06年急台頭のワンポイントリリーバー。高校では正田(神)の一つ先輩で、大学では久保(巨)と同期の「松坂世代」の一人でもある。
入団後2年は完全な二軍暮らし。05年終盤一軍昇格を果たしたが、初登板で危険球退場となるほろ苦いデビュー。4試合中3試合で失点と芳しい結果は残せなかった。
しかしサイドスローに転向し、ワンポイントに専念した06年は登板数急増。夏場まではほとんど二軍だったが、9月に昇格後は一軍定着。一月半の間に15試合に投げ、急台頭を見せた。

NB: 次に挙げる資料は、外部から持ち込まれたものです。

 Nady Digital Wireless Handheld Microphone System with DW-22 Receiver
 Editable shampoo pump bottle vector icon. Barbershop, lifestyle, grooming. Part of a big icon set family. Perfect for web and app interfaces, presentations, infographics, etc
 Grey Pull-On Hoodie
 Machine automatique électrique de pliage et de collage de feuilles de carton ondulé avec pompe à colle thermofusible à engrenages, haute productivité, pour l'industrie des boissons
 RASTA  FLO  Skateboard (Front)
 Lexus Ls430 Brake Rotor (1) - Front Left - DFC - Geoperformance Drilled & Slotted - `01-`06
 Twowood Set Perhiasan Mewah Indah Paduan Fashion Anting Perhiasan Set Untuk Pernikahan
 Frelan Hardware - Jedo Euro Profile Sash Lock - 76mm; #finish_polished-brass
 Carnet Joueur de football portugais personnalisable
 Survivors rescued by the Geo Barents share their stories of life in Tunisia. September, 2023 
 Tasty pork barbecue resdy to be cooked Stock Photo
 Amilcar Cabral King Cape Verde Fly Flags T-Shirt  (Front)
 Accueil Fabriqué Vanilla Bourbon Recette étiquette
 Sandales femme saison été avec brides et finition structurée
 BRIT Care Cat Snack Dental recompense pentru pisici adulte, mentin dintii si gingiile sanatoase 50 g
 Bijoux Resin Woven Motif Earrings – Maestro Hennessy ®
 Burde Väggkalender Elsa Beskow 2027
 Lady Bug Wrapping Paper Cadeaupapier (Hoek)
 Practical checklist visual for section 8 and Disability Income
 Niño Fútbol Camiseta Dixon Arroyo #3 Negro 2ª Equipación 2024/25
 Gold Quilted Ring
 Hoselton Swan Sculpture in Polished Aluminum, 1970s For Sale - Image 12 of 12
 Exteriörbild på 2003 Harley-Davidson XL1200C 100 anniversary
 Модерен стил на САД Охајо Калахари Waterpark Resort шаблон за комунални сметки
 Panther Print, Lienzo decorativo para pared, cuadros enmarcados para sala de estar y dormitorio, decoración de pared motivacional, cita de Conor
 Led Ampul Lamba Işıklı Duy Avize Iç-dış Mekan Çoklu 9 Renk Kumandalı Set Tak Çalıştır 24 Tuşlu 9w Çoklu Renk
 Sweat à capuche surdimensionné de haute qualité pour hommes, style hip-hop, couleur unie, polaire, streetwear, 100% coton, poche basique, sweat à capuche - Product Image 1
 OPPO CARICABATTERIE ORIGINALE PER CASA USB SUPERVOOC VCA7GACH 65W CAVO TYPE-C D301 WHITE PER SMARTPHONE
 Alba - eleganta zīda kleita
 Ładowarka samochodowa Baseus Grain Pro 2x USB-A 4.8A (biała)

結果は死球だったが日本シリーズにも登板。大きく前進の一年となった。
決してスピードのある投手ではないが、果敢に懐を攻める投手。これが抜けて死球にもなってしまうが、内角攻めは生命線といってもいい。腕を下げたことではっきり特徴が出てきた。
ただ昨年は序盤4月末までに12試合と積極的に使われながら、5月以降は登板数激減。オールスター以降は二軍暮らしで停滞のシーズンに終わった。右打者を1割台に抑えながら、左打者に打たれ、出塁は4割も許してしまったのがその原因。信頼を掴むにはやはり左を抑えないと。四死球はもっと減らしたい。